## What to produce
Copy out the listing in full, exactly as written, but not its pictures.

=-=-=-=-=

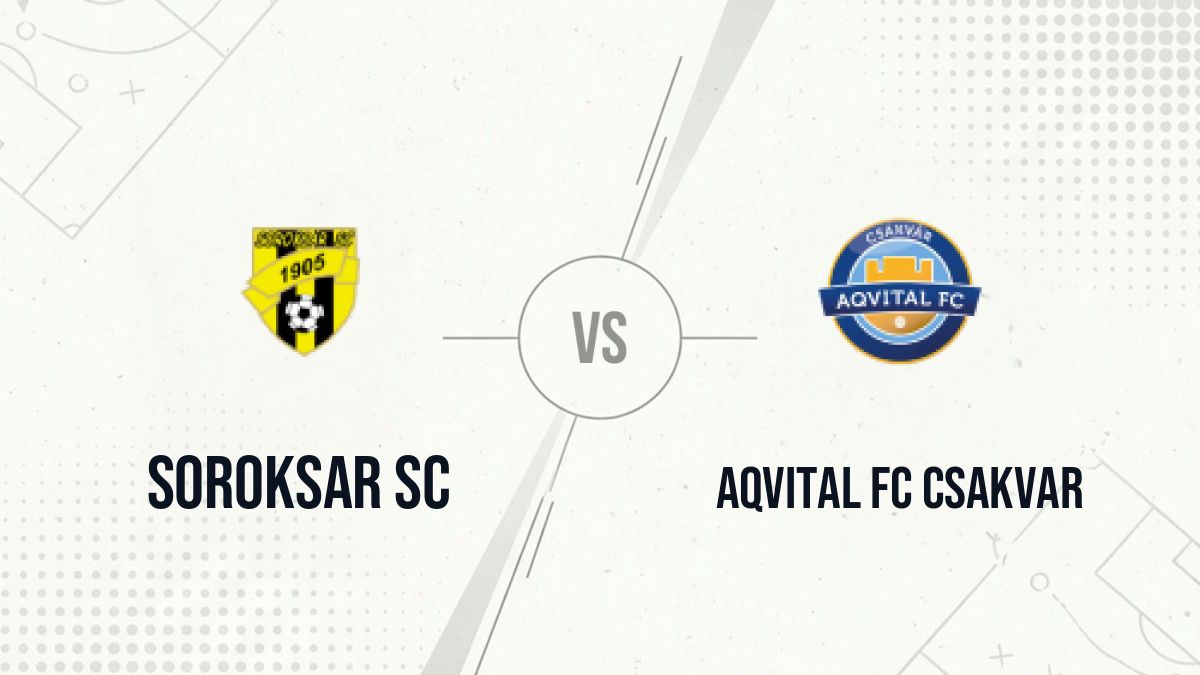 Pronostic Soroksar SC Aqvital FC Csakvar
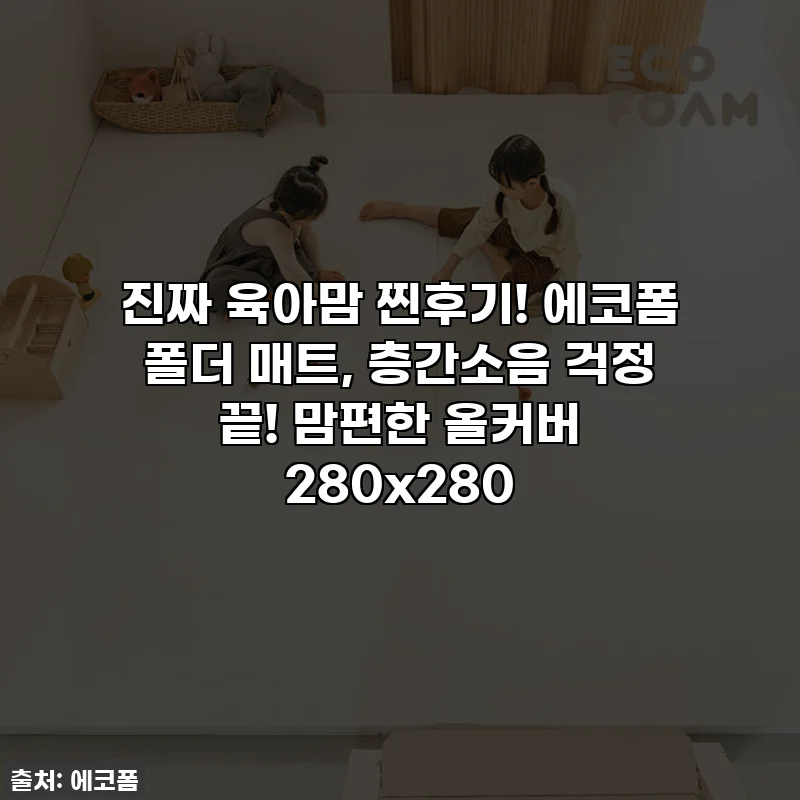 진짜 육아맘 찐후기! 에코폼 폴더 매트, 층간소음 걱정 끝! 맘편한 올커버 280x280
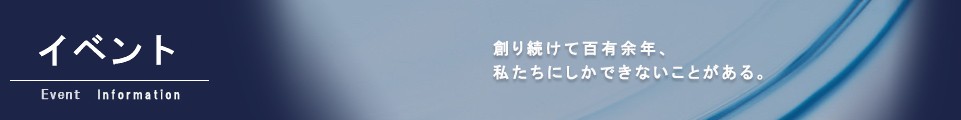 イベント情報｜創り続けて百有余年、私たちにしかできないことがある。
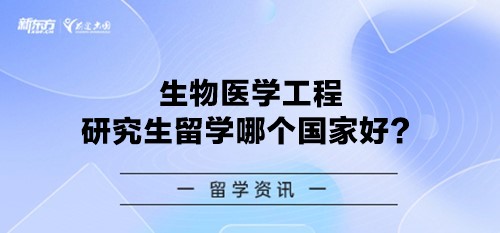 【新疆留学】生物医学工程研究生留学哪个国家好？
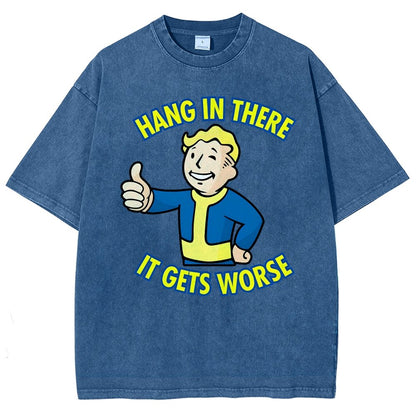Hang In There It Gets Worse Vintage Distressed T-shirt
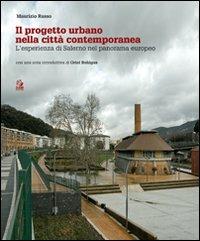 Il progetto urbano nella città contemporanea. L'esperienza di Salerno nel panorama europeo - Maurizio Russo - copertina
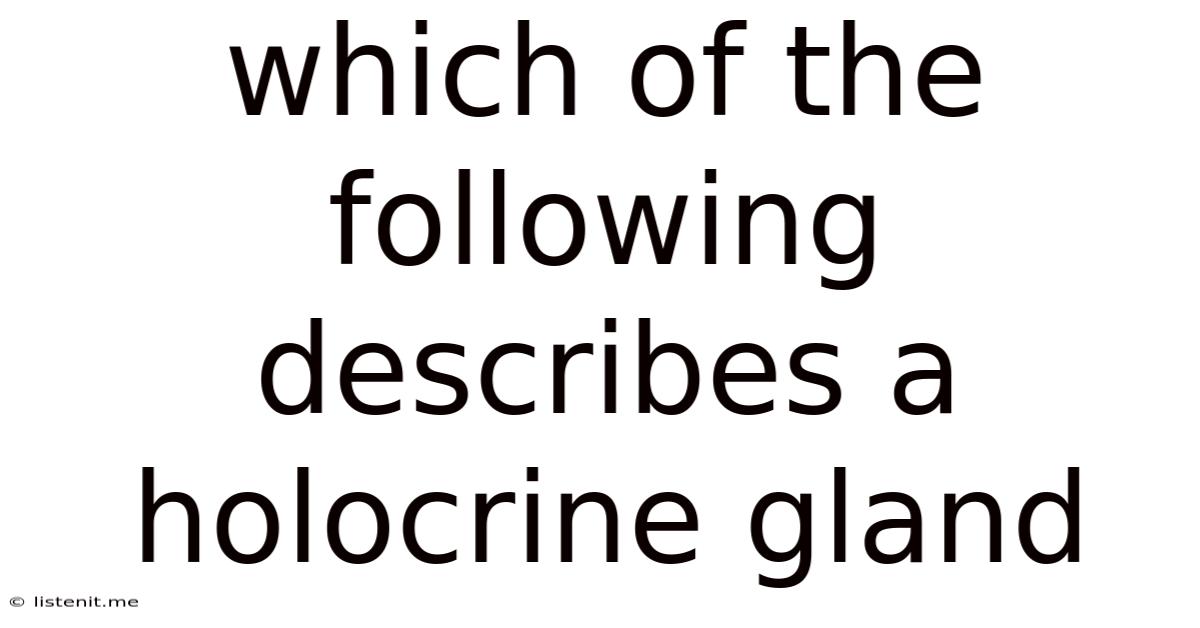 Which Of The Following Describes A Holocrine Gland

=-=-=-=-=

## Output for this task
 Pronostic Soroksar SC Aqvital FC Csakvar
 진짜 육아맘 찐후기! 에코폼 폴더 매트, 층간소음 걱정 끝! 맘편한 올커버 280x280
 イベント情報｜創り続けて百有余年、私たちにしかできないことがある。
 【新疆留学】生物医学工程研究生留学哪个国家好？
Hang In There It Gets Worse Vintage Distressed T-shirt
 Il progetto urbano nella città contemporanea. L'esperienza di Salerno nel panorama europeo - Maurizio Russo - copertina
 Which Of The Following Describes A Holocrine Gland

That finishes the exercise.